Prior to this, my periods were erratic at best. Anywhere between 13 - 26 days. I was now at 33 days and not only had I still not had a period, but my temperature pattern was completely flat. I was convinced that I wouldn't be able to start IVF because I had already stopped menstruating. Any time I felt a bit warm I was wondering if it was a hot flush and went searching the intranet for "what does a hot flush feel like". My libido was gone and was feeling for any cervical fluids at all. I took my first pregnancy test at 34 days and it was negative but at least now I was seeing a rise in my temperature. I took my second pregnancy test at 38 days and was still negative. I wondered whether it was bad for me psychologically to continue taking pregnancy tests at all and maybe I should throw them out because I can't keep thinking I'm pregnant when I'm in menopause. I promised I'd only take one more test if I didn't menstruate by the next week.

I took the last test at day 45 and it was positive. I remember sitting on the toilet, weeping like a fool, with my hand shaking so much as I stared at the two pink lines that I was getting drops of urine on my leg. I felt like calling the doctor up right away and telling her that I was pregnant and what did she think of that! And she would jump up and down and tell me how miraculous that was and what a wonderful person I must be to have somehow managed to conceive naturally without actually having any eggs and could I come in please so they could do a case study on me.
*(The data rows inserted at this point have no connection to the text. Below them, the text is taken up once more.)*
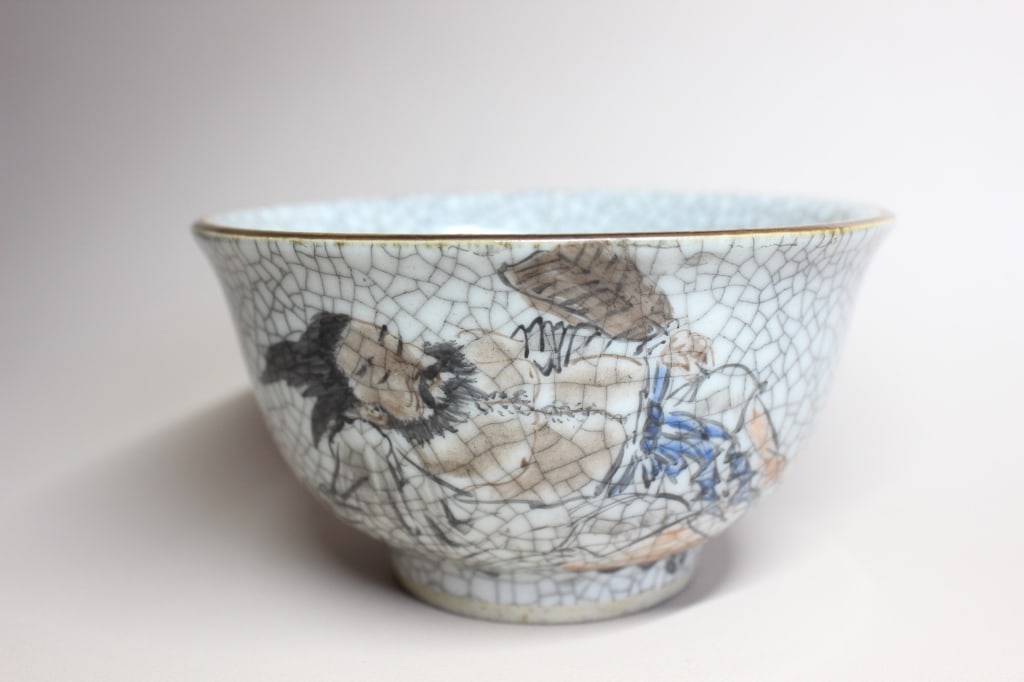 Chinese Hand paint Porcelain Bowl,Mark: Chinese porcelain bowl featuring a prominent crackle glaze and hand-painted figures in a landscape setting with a gold rim. It shares characteristics with both Chinese export ware (specifically from M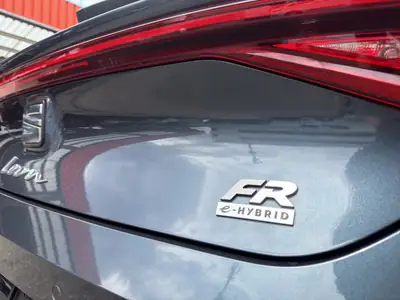 SEAT Leon 1.4 eHybrid pHEV — Berline écologique 205 ch, entretien irréprochable — Miniature 18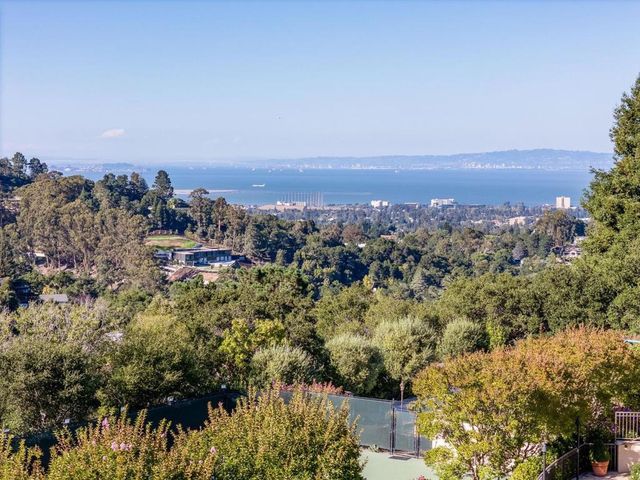 1600 Marlborough Road, Hillsborough, CA 94010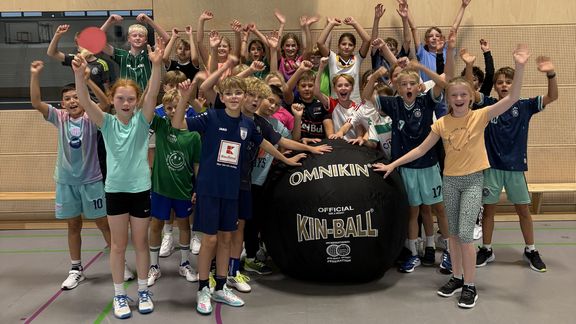 Sportklasse 5a sammelt neue Erfahrungen mit Kin-Ball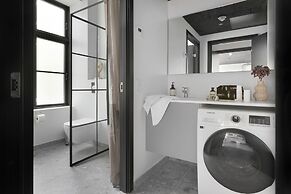 No.186 apartments by Daniel&Jacob's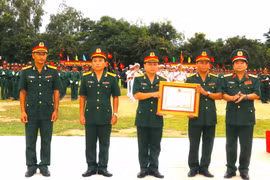 Trung đoàn 38 đón nhận Huân chương Bảo vệ Tổ quốc hạng ba. Ảnh: Ngọc Minh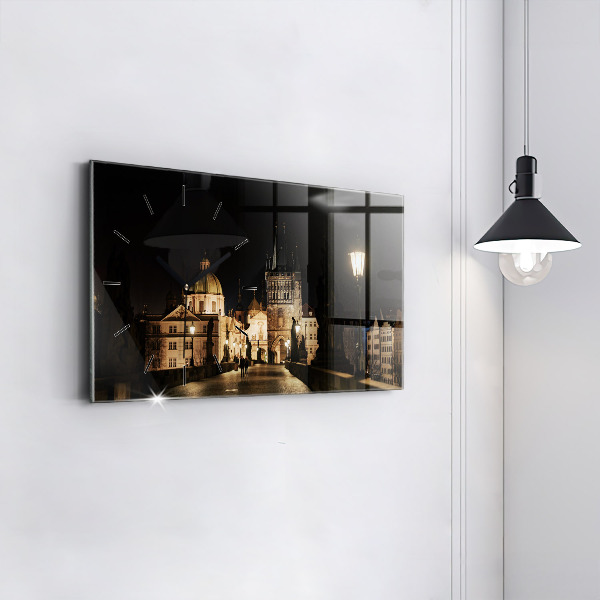 Vízszintes üvegóra Károly híd Prágában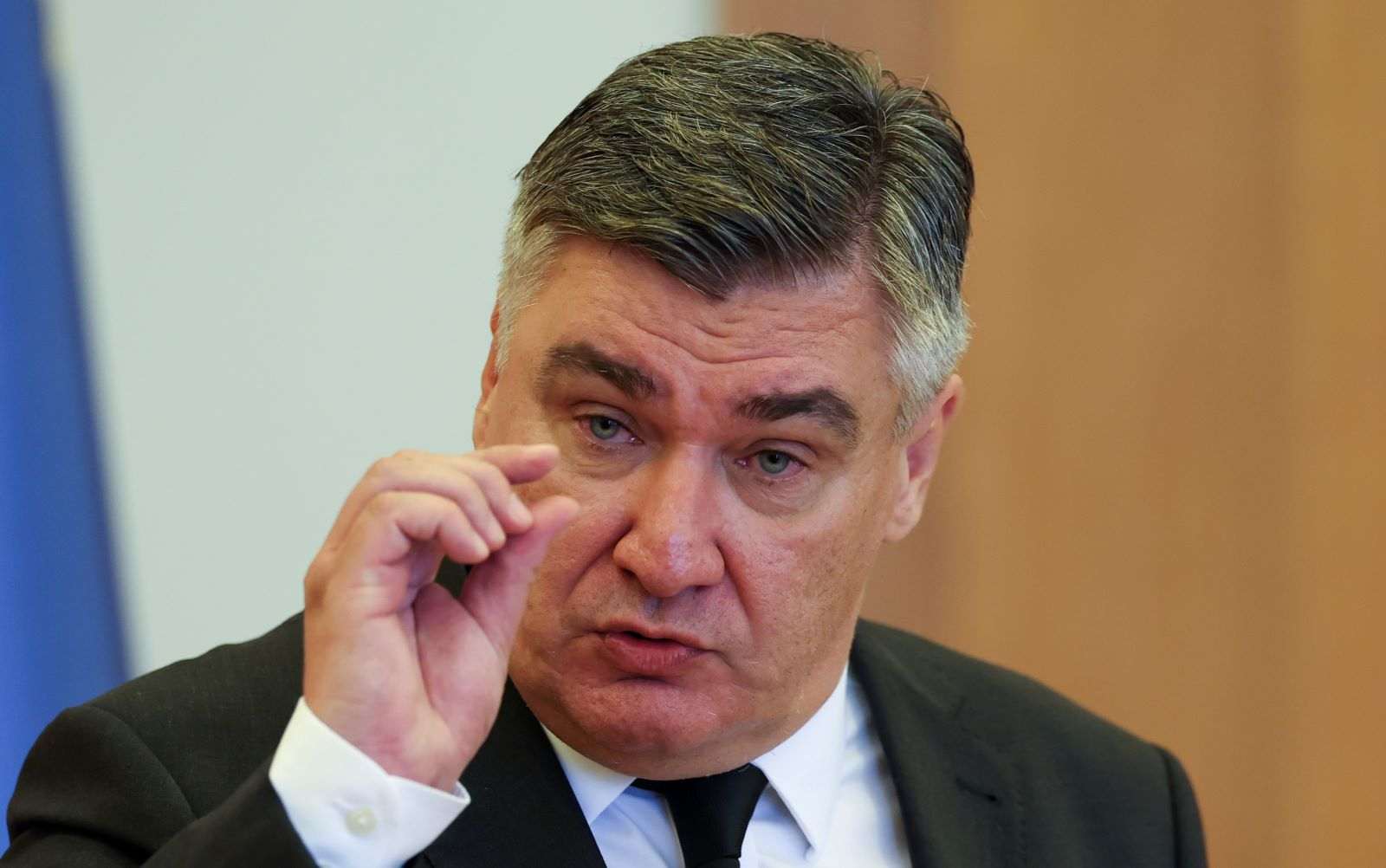 PLES VAMPIRA NA PANTOVČAKU: Kako udbaški ubojice i dalje ponosno nose hrvatska državna odličja!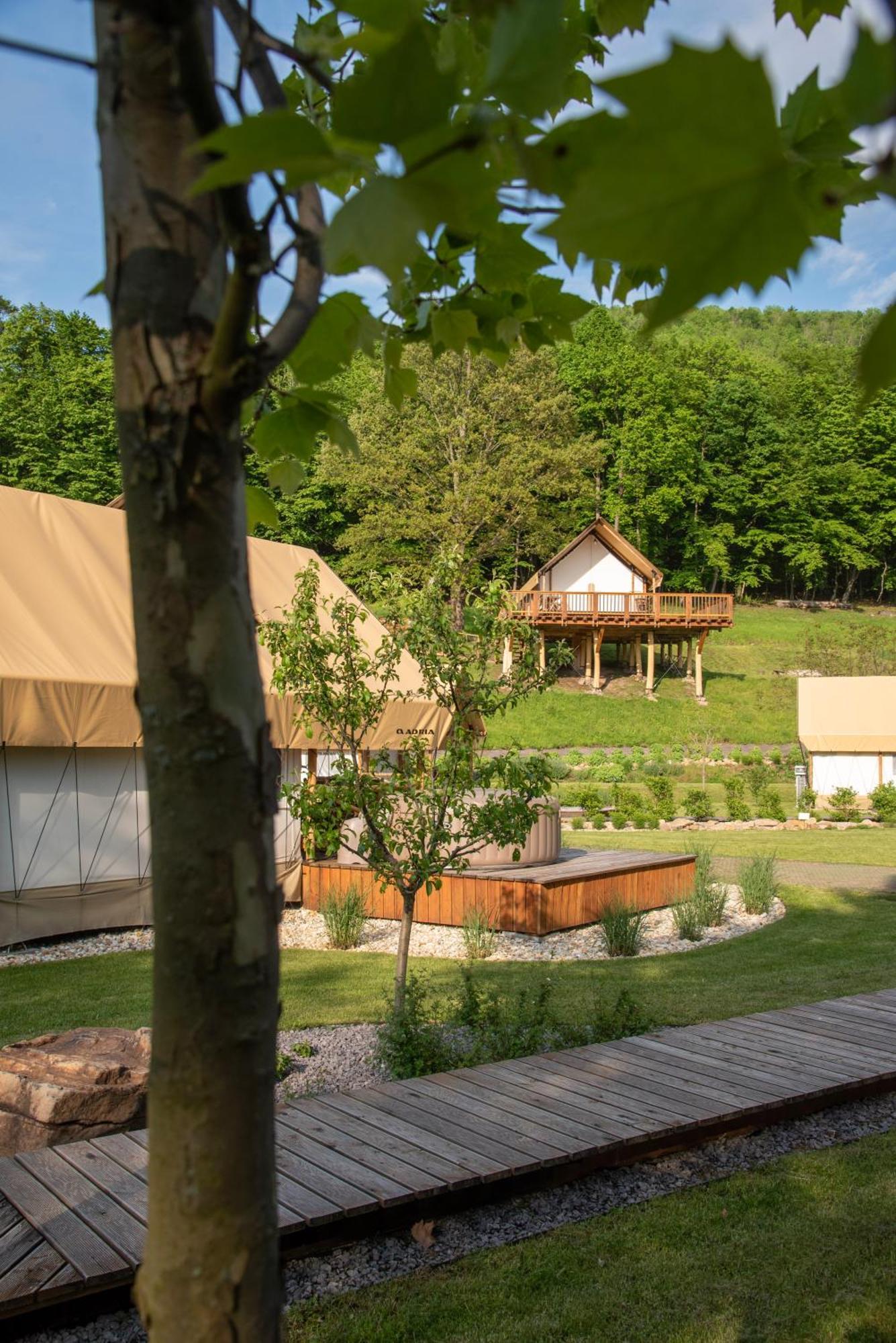 Готель Forrest Glamping Банська Штявниця Екстер'єр фото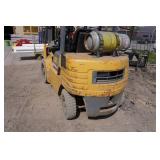 Caterpillar 50 Pneumatic Tire Forklift - Dual Fuel Gas/Propane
The reality was a bit different -- I called for a doctors appointment but they said that I needed to wait until about 7 weeks. No fanfare. Those 3 weeks of waiting was a time of reflecting on whether or not I was just imagining things. That maybe it was a false positive. Or that it would miscarry before I would even get to my first appointment.

I went to see a colleague of the first doctor. He looked through my chart and congratulated me on having beat the odds. Then it was up on the table for an ultrasound to see if it was actually real. By this time I wasn't really that fond of ultrasounds and was concerned that he too would say something like "oh my". But instead his first words were "You do seem to have done a good job. Over here is the embryo -- you can see a hearbeat already. And over here is the other one." And he pointed to the second blob of fuzzy dark-grey pixels on the screen. Twins.

I'm not really sure if I have a point to this story at all. I recall reading about other people's "they never thought they'd get pregnant and they did" stories and just thinking: Bitch. I didn't feel inspired or more hopeful at all, just jealous and resentful. Because for all of the stories of people who managed to get pregnant, there were hundreds of quiet people who didn't. I would read other stories about women who have been trying for seven years and have spent a mortgage on IVF and have had five miscarriages and know the trip to the fertility lab better than that to the grocery store and I would sit at my computer and cry and cry wonder if I could make it through even one tenth of that. I'm not sure if acupuncture or DHEA did anything, since I had only 3 weeks of acupuncture before testing positive, and only one week of DHEA. The best explanation of heard so far was "sometimes ovaries manage to spit out a few eggs before finally shutting down."

*AMH - anti-mullerian hormone - see more information here.

**DHEA - dehydroepiandrosterone - see abstract from Human Reproduction about a study performed by David Barad and Norbert Gleicher showing their findings of the beneficial effects of DHEA supplementation on ovarian function in women with diminished ovarian reserve.